EXERCISE DESCRIPTION: Set down each entry exactly as given; pictures should not appear in the copy.

Short text fragments from websites:
--- START ---

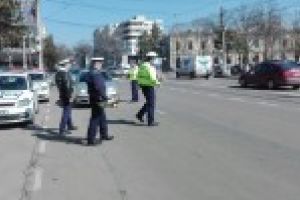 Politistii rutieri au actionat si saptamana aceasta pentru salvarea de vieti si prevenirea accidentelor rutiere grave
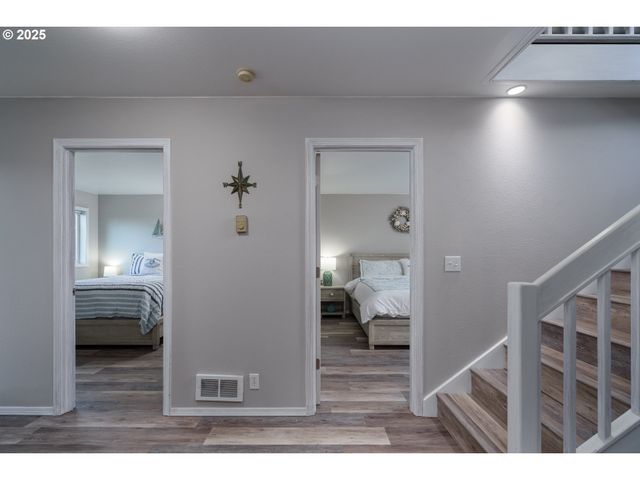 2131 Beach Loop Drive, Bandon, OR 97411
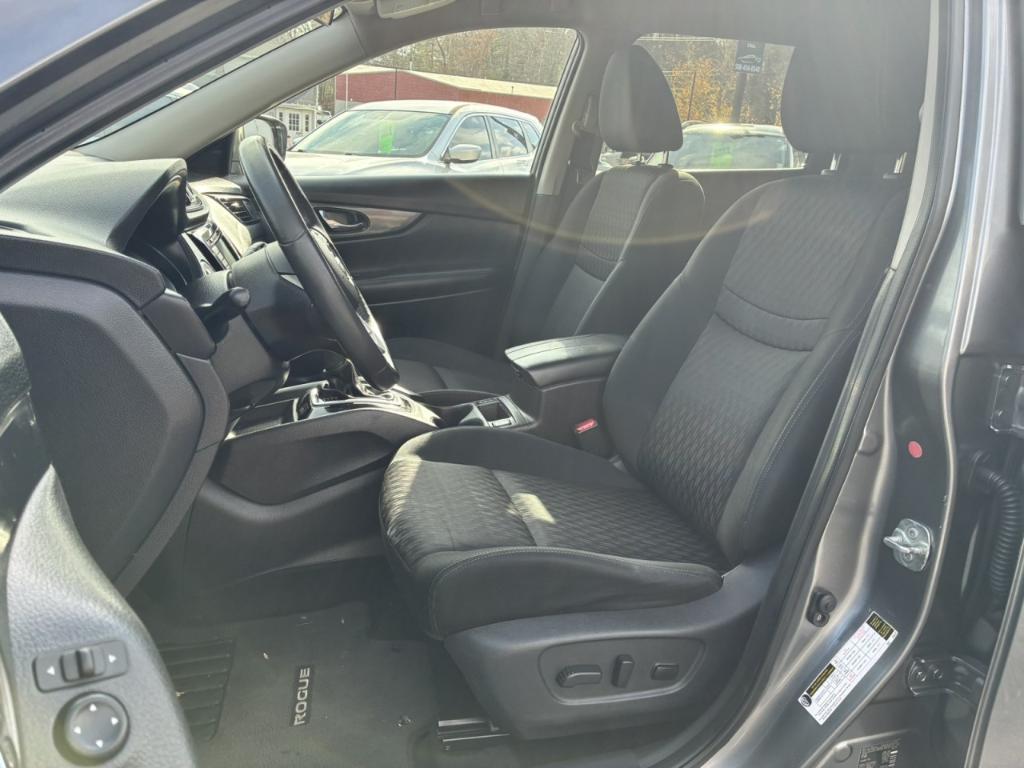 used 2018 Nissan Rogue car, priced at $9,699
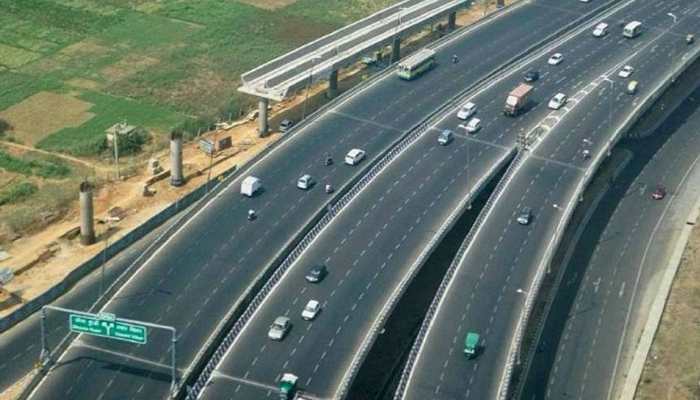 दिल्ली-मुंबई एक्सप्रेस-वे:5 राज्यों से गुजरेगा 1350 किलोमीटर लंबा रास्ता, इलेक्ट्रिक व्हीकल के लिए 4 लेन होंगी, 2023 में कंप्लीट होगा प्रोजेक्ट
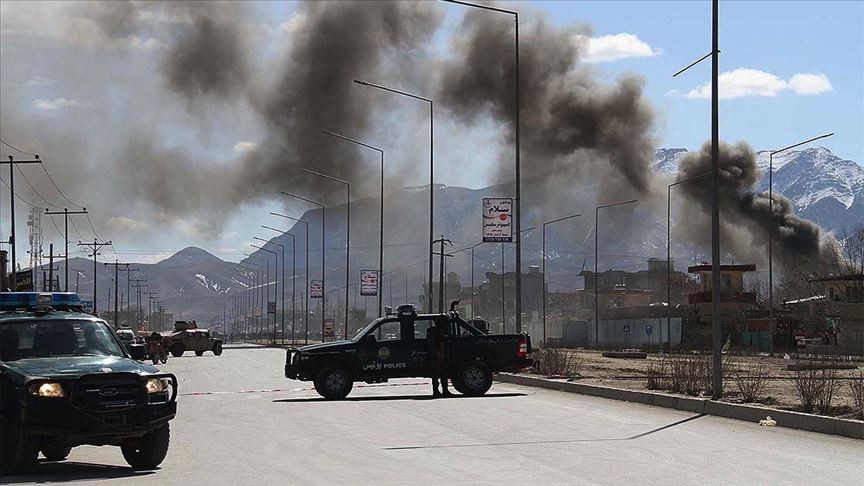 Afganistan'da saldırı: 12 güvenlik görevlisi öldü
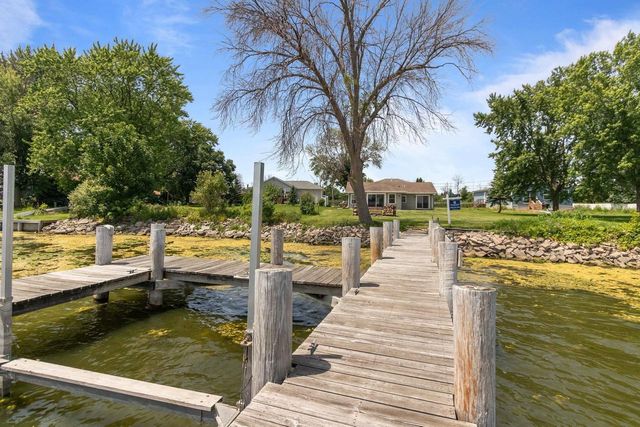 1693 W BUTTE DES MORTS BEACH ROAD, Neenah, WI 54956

--- END ---

ANSWER TO THIS EXERCISE:
 Politistii rutieri au actionat si saptamana aceasta pentru salvarea de vieti si prevenirea accidentelor rutiere grave
 2131 Beach Loop Drive, Bandon, OR 97411
 used 2018 Nissan Rogue car, priced at $9,699
 दिल्ली-मुंबई एक्सप्रेस-वे:5 राज्यों से गुजरेगा 1350 किलोमीटर लंबा रास्ता, इलेक्ट्रिक व्हीकल के लिए 4 लेन होंगी, 2023 में कंप्लीट होगा प्रोजेक्ट
 Afganistan'da saldırı: 12 güvenlik görevlisi öldü
 1693 W BUTTE DES MORTS BEACH ROAD, Neenah, WI 54956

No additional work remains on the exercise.